In designating others by the epithets of “uninstructed, and servile, and ignorant,” Celsus, I suppose, means those who are not acquainted with his laws, nor trained in the branches of Greek learning; while we, on the other hand, deem those to be “uninstructed” who are not ashamed to address (supplications) to inanimate objects, and to call upon those for health that have no strength, and to ask the dead for life, and to entreat the helpless for assistance.[1] And although some may say that these objects are not gods, but only imitations and symbols of real divinities, nevertheless these very individuals, in imagining that the hands of low mechanics[2] can frame imitations of divinity, are “uninstructed, and servile, and ignorant;” for we assert that the lowest[3] among us have been set free from this ignorance and want of knowledge, while the most intelligent can understand and grasp the divine hope. We do not maintain, however, that it is impossible for one who has not been trained in earthly wisdom to receive the “divine,” but we do acknowledge that all human wisdom is “folly” in comparison with the “divine.” In the next place, instead of endeavouring to adduce reasons, as he ought, for his assertions, he terms us “sorcerers,”[4] and asserts that “we flee away with headlong speed[5] from the more polished[6] class of persons, because they are not suitable subjects for our impositions, while we seek to decoy[7] those who are more rustic.” Now he did not observe that from the very beginning our wise men were trained in the external branches of learning: Moses, e.g., in all the wisdom of the Egyptians; Daniel, and Ananias, and Azariah, and Mishael, in all Assyrian learning, so that they were found to surpass in tenfold degree all the wise men of that country. At the present time, moreover, the Churches have, in proportion to the multitudes (of ordinary believers), a few “wise” men, who have come over to them from that wisdom which is said by us to be “according to the flesh;”[8] and they have also some who have advanced from it to that wisdom which is “divine.”

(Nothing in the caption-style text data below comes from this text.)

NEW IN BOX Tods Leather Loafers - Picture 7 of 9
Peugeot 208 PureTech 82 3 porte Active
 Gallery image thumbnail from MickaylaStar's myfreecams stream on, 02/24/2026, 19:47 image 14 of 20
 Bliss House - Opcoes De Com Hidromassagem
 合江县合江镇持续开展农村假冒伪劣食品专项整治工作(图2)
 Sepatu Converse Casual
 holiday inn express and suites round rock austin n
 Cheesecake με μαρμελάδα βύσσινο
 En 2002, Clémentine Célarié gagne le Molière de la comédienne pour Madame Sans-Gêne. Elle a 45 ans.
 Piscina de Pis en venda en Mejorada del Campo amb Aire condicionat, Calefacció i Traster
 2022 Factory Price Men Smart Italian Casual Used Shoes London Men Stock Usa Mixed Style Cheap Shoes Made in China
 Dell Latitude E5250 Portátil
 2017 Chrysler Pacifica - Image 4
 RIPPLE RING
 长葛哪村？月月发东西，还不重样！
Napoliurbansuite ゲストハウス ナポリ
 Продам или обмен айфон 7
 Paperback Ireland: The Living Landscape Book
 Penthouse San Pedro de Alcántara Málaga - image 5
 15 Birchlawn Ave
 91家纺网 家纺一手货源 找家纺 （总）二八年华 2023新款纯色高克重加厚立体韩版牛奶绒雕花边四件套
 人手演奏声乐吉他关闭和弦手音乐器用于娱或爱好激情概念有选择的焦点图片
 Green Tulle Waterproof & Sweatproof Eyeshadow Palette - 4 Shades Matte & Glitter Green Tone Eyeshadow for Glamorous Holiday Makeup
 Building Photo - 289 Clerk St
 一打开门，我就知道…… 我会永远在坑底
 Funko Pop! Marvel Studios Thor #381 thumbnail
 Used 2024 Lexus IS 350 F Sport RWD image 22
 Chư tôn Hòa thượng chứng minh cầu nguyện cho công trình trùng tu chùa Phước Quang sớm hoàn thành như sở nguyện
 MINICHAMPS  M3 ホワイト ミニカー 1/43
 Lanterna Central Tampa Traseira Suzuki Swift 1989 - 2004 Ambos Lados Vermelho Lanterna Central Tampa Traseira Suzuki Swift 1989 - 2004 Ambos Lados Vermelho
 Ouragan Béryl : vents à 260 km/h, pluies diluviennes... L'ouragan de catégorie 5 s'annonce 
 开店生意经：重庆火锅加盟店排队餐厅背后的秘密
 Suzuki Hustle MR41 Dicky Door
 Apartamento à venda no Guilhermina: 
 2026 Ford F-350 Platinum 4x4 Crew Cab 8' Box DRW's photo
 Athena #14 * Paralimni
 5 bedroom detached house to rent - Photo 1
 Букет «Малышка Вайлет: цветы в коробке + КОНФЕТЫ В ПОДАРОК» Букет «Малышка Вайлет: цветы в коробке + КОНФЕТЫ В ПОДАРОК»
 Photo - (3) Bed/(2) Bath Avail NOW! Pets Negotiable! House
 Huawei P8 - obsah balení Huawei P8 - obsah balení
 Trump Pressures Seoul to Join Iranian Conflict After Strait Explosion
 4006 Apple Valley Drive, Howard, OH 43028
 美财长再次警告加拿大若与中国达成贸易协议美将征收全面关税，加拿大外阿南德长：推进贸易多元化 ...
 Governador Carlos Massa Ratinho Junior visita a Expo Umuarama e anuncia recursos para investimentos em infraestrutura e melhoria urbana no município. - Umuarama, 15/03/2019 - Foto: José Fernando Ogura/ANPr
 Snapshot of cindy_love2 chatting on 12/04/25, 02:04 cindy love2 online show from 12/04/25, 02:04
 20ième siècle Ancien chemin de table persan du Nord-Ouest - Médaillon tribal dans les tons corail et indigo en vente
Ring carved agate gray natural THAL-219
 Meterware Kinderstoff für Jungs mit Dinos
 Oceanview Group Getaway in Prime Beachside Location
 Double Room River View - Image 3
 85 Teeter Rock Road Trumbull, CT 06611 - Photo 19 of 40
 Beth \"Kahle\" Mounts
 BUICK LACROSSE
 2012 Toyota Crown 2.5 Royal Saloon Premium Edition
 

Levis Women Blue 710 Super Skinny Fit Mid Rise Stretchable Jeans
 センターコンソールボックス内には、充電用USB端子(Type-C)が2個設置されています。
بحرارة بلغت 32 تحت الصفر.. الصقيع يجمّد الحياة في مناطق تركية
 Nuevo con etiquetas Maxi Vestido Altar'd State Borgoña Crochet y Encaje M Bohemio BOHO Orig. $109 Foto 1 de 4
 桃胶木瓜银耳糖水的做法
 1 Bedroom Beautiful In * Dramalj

- ↑ τοὺς μὴ αἰσχυνομένους ἐν τῷ τοῖς ἀψύχοις προσλαλεῖν, καὶ περὶ μὲν ὑγείας τὸ ἀσθενὲς ἐπικαλουμένους, περὶ δὲ ζωῆς τὸ νεκρὸν ἀξιοῦντας, περὶ δὲ ἐπικουρίας τὸ ἀπορώτατον ἱκετεύοντας.
- ↑ βαναύσων.
- ↑ τοὺς ἐσχάτους.
- ↑ γόητας.
- ↑ προτροπάδ῾ν.
- ↑ τοὺς χαριεστέρους.
- ↑ παλεύομεν. [See note supra, p. 482. S.]
- ↑ Cf. 1 Cor. i. 26.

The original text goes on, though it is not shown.